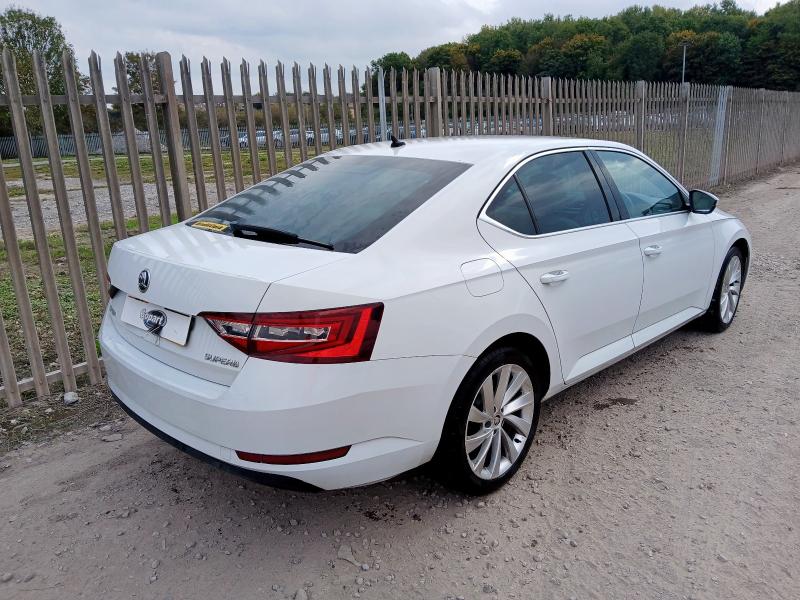 2017 SKODA SUPERB SE L EXECUTIVE TDI 2.0 TDI CR 190 SE L EXECUTIVE 5DR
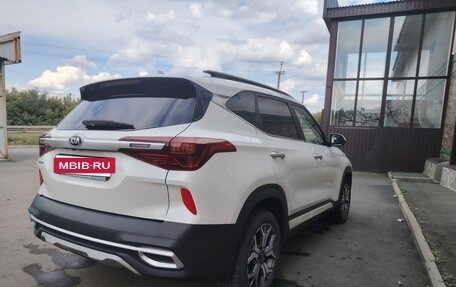 KIA Seltos I, 2020 год, 2 280 000 рублей, 7 фотография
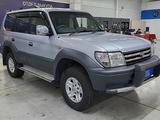 Toyota Land Cruiser Prado 1996 года за 5 800 000 тг. в Усть-Каменогорск – фото 3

____________

#### [BRIEF]
Output the listing exactly. Leave out any image.

#### [SOLUTION FOR THIS EXERCISE]
 2017 SKODA SUPERB SE L EXECUTIVE TDI 2.0 TDI CR 190 SE L EXECUTIVE 5DR
 KIA Seltos I, 2020 год, 2 280 000 рублей, 7 фотография
 Toyota Land Cruiser Prado 1996 года за 5 800 000 тг. в Усть-Каменогорск – фото 3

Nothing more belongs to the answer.